I reluctantly let him in, to the sound of Tonya's voice, saying NO, over and over. What could I do? He was already inside and headed straight to her for a bear hug she did not want or appreciate. Then it was onto the kitchen for coffee without asking, and when he saw the Dragon, it was this:

"OCK! Me girl, cummere, ye beautiful thing!"

After I barfed in the loo, I came back to find him sitting at table with her majesty the Dragon and the two of them chatting up a storm, both overtalking the other, to which it was a mad gab fest between them, that made no earthly sense to normal souls, but to the two children of Lucifer made perfect sense.

Meanwhile, the wife was leaning against the kitchen counter, holding a wooden spoon as though for protection and shaking her head NO this can't be happening. I wanted to console her, but truly, who's going to console me?!

I watched as Weasil went for the coffee pot, and you know he drinks straight out of it, and that got not only me in action, but Tonya got herself between him and the coffee as I grabbed his arm to hold him back.

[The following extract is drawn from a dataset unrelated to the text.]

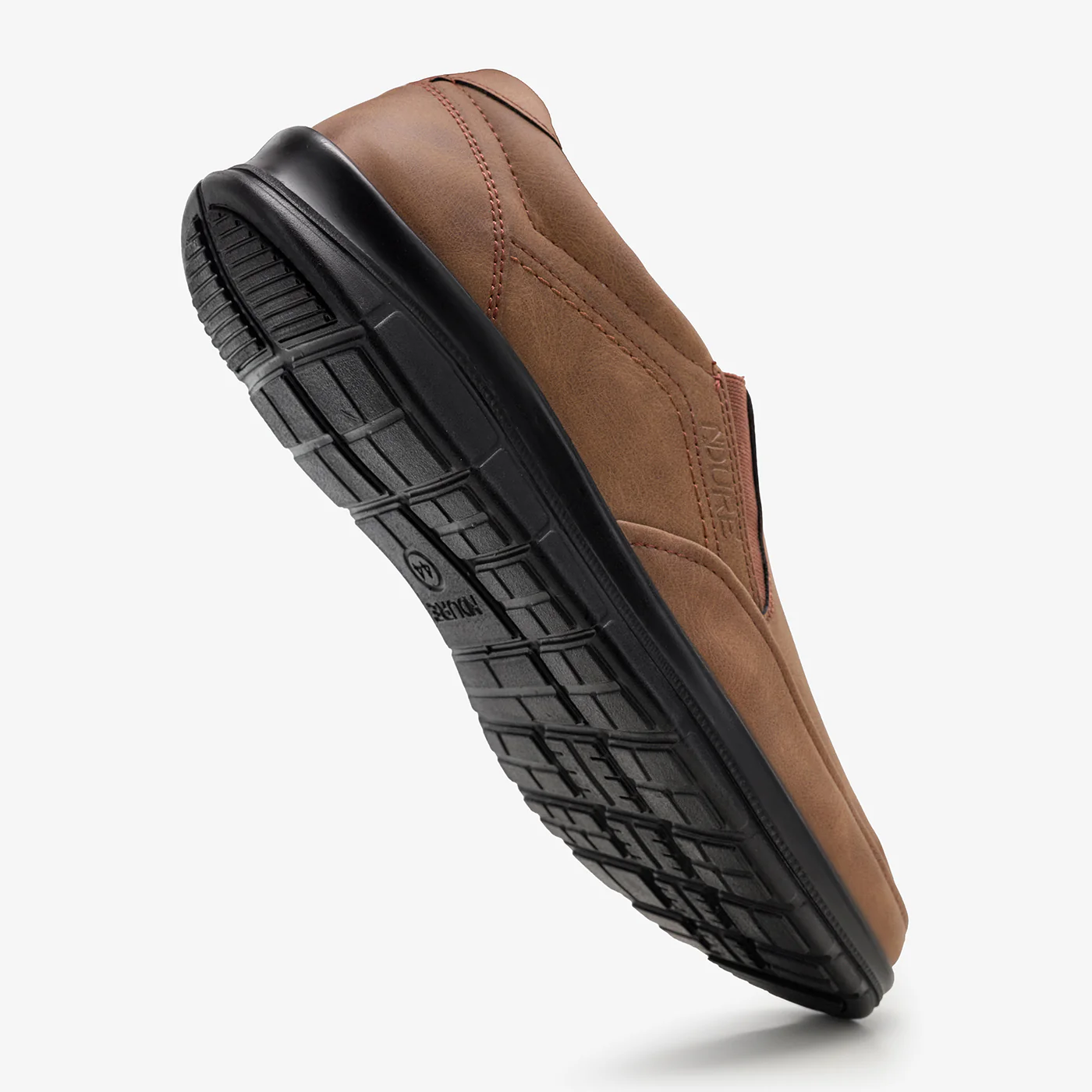 Men's Slip-On Shoes - Image 5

"Just wait a minute!" I told him. 

With an evil smile, Tonya turned to the cabinet and got out the special cup we bought just for Mr W.

 

Weasil's Special Cup

Tonya and I thought this looked enough like a coffee pot he'd use this instead of the real thing. AND, he was thrilled with it. He insisted he'd pour his own coffee into his new cup and just wait. He reached into his bag and brought out another cup he just happened to have for ME! He poured us both black coffees, and while I was trying to find words for his generous thought for me, he chattered on about the fact he'd been in contact with the Wolf clan and how he'd signed me up for something THEY told him about, and all thought it was a perfect fit for me!

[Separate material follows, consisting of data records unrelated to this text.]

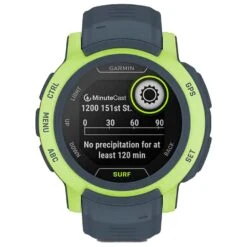 Montres GPS Garmin Instinct 2 Surf Edition Mavericks -Camping Produits Boutique c349501309d5ab2d293bba4ddd3c95d85c1aea16 E22GARMACC261570 GARM0050251 15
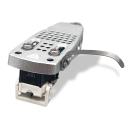 JICO Tonabnehmersystem OMNIA J50 KUROGAKI NUDE SILVER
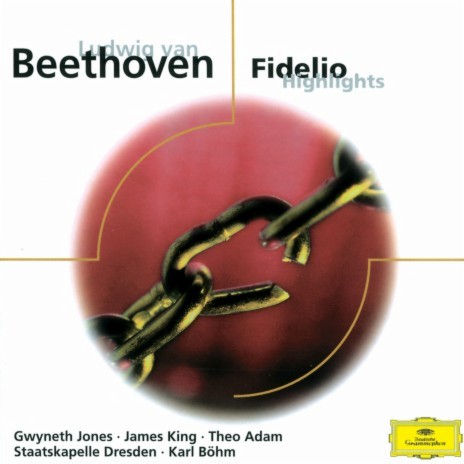 Beethoven: Fidelio, Op. 72 / Act 1: "Jetzt, Schätzchen, jetzt sind wir allein" ft. Edith Mathis, Staatskapelle Dresden, Karl Böhm & Walter Taussig | Boomplay Music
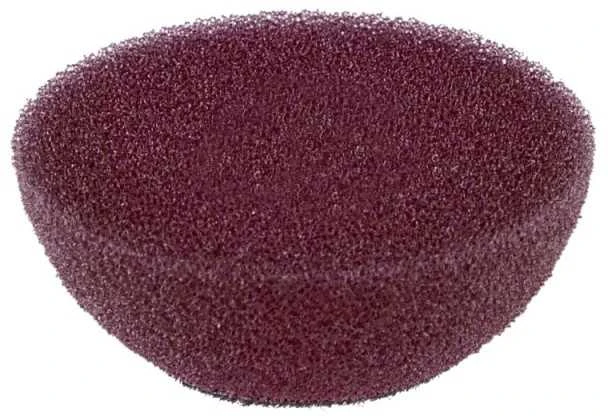 Violetinė poliravimo kempinė FLEX PP-M 50 VE, 5vnt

Talk about squirming in one's seat, that was me. UH OH. I knew this could not be good, BUT it was better than Captain Jack coming up with something for me, and that thought was short-lived because it was just as stupid an idea as Jack would come up with! I was shocked, I was. 

I downed me coffee and went for another cup when I looked inside and saw this at the bottom:

Yup, I should have expected anything less?

No wonder he was so happy I liked the cup. That is, until I saw the writing at the bottom. What a guy, huh?

So, back to the beginnings of the fiasco. I was told that somewhere in me neck of the woods, there was a donkey race, and, being a "professional donkey racer" (couldn't be further from the truth), I was signed up to represent some charity for abandoned mice. Yup, MICE. Like, there is such a thing.

I hemmed and hawed, I did. I did not like any of this and said so in many unchosen words, which set the wife to thinking, it would be a great way to get EVERYONE out of the house so she could have at least one day of quiet bliss. Is she selfish or what? At my expense, even!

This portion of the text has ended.